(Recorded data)
* * * * *

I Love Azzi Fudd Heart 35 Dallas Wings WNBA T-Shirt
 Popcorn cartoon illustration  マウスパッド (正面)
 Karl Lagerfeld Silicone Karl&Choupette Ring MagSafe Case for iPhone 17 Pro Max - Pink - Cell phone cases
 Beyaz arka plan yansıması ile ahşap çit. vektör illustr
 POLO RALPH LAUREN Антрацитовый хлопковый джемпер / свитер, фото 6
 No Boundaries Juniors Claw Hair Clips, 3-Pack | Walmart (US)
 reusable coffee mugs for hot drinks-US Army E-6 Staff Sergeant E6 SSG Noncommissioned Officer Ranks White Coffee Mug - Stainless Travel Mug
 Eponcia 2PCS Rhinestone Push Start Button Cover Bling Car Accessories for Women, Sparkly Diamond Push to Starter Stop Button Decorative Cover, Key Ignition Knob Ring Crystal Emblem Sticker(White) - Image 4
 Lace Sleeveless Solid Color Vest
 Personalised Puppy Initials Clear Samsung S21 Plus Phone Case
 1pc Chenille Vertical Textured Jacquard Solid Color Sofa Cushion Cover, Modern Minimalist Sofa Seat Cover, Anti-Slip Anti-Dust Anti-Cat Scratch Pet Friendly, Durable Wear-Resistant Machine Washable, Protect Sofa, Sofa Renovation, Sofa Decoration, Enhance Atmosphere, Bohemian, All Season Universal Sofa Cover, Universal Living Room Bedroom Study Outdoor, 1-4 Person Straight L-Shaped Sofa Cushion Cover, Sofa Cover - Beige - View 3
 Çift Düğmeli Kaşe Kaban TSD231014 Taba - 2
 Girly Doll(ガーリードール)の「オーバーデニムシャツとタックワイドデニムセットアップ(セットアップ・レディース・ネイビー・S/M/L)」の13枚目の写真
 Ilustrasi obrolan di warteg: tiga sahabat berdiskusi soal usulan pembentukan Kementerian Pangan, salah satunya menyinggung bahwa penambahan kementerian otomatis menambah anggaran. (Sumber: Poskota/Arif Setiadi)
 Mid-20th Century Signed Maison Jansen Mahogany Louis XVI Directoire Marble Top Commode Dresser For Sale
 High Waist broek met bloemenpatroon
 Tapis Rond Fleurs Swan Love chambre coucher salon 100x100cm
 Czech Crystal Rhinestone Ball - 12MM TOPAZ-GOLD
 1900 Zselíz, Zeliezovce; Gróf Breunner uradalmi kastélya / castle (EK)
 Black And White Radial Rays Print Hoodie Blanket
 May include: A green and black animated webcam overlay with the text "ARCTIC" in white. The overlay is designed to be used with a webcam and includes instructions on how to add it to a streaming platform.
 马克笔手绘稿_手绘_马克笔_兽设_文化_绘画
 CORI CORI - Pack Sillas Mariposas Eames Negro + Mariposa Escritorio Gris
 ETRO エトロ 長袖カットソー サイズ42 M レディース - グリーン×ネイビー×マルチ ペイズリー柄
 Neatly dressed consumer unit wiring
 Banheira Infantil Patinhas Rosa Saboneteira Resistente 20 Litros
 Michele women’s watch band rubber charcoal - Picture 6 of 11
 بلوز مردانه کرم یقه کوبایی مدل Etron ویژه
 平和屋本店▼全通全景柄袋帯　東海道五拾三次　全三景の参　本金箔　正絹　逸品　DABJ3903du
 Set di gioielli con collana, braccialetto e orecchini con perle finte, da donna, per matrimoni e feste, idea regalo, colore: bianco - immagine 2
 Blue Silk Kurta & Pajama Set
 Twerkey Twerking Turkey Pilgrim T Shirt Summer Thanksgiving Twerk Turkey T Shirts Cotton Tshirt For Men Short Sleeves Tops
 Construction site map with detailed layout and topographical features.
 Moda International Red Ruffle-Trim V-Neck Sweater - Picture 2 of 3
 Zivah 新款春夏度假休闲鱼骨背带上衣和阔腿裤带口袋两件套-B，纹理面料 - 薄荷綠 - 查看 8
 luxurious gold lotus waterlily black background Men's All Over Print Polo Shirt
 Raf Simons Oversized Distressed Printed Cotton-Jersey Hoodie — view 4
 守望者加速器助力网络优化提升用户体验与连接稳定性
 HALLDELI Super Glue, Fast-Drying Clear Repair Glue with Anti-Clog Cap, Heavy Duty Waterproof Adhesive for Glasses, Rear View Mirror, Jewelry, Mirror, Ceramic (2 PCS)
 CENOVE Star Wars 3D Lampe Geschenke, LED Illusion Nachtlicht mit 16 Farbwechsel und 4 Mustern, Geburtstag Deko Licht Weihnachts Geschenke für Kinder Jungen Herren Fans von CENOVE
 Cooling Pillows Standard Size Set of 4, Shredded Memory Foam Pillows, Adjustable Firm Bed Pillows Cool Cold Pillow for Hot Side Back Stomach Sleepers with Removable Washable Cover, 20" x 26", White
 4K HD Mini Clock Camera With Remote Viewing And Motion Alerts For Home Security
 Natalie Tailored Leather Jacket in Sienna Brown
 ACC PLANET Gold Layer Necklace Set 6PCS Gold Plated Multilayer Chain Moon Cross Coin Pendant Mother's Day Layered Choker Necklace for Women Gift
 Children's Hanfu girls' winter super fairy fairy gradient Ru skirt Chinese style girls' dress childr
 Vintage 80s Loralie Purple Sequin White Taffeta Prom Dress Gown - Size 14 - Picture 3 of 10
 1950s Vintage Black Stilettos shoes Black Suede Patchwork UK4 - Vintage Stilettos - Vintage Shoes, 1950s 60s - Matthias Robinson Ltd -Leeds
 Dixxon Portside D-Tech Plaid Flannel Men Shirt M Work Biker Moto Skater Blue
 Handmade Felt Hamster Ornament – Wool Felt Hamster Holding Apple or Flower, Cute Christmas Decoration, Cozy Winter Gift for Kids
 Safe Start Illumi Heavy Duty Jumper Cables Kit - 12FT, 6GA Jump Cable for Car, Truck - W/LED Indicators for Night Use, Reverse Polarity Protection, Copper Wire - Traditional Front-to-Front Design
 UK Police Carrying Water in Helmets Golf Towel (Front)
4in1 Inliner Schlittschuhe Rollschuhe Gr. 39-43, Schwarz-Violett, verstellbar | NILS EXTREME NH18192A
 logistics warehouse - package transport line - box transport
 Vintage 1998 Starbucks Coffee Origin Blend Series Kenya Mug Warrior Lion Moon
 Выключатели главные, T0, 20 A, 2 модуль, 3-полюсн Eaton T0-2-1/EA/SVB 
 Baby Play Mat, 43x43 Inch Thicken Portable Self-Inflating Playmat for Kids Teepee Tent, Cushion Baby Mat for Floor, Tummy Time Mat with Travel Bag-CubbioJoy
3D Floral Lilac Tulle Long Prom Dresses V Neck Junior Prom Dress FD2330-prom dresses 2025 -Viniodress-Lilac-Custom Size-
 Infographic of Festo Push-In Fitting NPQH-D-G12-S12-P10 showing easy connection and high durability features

* * * * *

TASK OBJECTIVE: Starting at the line above that holds "Cooling Pillows Standard" and ending at the line that holds "4K HD Mini Clock", transcribe each line exactly and include no other lines.

WRITTEN ANSWER:
 Cooling Pillows Standard Size Set of 4, Shredded Memory Foam Pillows, Adjustable Firm Bed Pillows Cool Cold Pillow for Hot Side Back Stomach Sleepers with Removable Washable Cover, 20" x 26", White
 4K HD Mini Clock Camera With Remote Viewing And Motion Alerts For Home Security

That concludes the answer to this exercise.